The all-time greatest tennis champion has suffered through a patchy game and faltering confidence, keeping him from winning any title the past two years. That led people - including young punks on the tour - to suggest it might be time for Sampras to retire.

Retire this, Sampras seemed to be warning with every twentysomething he sent to the showers. Yesterday it was Sjeng Schalken, who turns 26 today, going down, 7-6 (6), 7-6 (4), 6-2.

During this fortnight, through the rain and sun and the loud-mouthed crowds of this New York/American Slam, Sampras sloughed off his lingering 31-year-old doldrums and rediscovered his big-time serve.

He reclaimed his attack mode and teasing nuance, like the floating 69-mph serve Sampras threw at his quarterfinals opponent, Andy Roddick, who was exposed as not ready for prime time.

Not like the old man.

Not like the hard-court genius whose stature in the game needs no further cement, but what the heck, why not one more, especially against the one man throughout Sampras' historic career who was always there, giving it back to him? "I've played some of my most memorable matches against him," Agassi said about Sampras.

"We're just opposite. We're opposite in everything we do. Out there on the court, we're two styles that are going against each other. It allows for many aspects of the game to reveal themselves. And it's exciting to play against it because every point, it seems like something special can happen.

"I can definitely say there's been nothing like it in my career that compares to playing against Pete. He is the best I've ever played against. That forces you to get that rush of blood that makes you do a little something special."

It didn't seem possible that this special tennis moment could happen. Not after Wimbledon, when Sampras was sluggish and ineffective and offering little evidence that he could turn back the hands of time.

"It was just such a nightmare playing out there on Court 2," Sampras said of losing at Wimbledon, the place where he has won the most - seven - of his Slams.

"That was the emptiest I've felt in many, many years," he said.

So it's no wonder that during this Open, Sampras has been wearing a sly grin again, uttering sound bites of bravado that have boosted the EKG on his historically flat-line personality.

"I still have the goods," Sampras warned. "Against anybody."

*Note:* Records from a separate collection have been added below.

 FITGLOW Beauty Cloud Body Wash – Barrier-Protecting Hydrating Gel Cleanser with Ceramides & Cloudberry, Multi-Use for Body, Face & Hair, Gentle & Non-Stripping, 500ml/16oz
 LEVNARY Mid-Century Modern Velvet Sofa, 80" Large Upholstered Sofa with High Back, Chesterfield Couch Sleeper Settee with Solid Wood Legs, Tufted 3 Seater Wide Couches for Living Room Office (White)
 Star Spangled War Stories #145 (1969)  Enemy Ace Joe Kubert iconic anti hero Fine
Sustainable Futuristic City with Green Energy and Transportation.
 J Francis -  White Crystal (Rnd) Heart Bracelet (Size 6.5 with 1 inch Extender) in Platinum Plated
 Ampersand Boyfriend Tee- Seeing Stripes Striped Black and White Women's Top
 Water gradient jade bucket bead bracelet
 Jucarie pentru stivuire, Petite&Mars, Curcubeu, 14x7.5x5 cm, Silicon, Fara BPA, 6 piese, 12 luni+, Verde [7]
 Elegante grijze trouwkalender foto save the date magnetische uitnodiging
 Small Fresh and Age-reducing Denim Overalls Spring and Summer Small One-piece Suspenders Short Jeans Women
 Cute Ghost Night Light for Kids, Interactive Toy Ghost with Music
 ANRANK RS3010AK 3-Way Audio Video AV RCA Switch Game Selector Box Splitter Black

Stick around long enough, even a man like Pete Sampras can become interesting.

He may have finally accomplished that strange feat yesterday when he beat Schalken in straight sets and emerged from the depths of his No. 17 seed to secure his third straight U.S. Open final.

Now comes that question again: Who do you root for? Bouncy Andre, the man who has stuck up for his old friend and rival like a brother? "You always root for somebody that you grew up with. I mean, we've grown up together," Agassi said.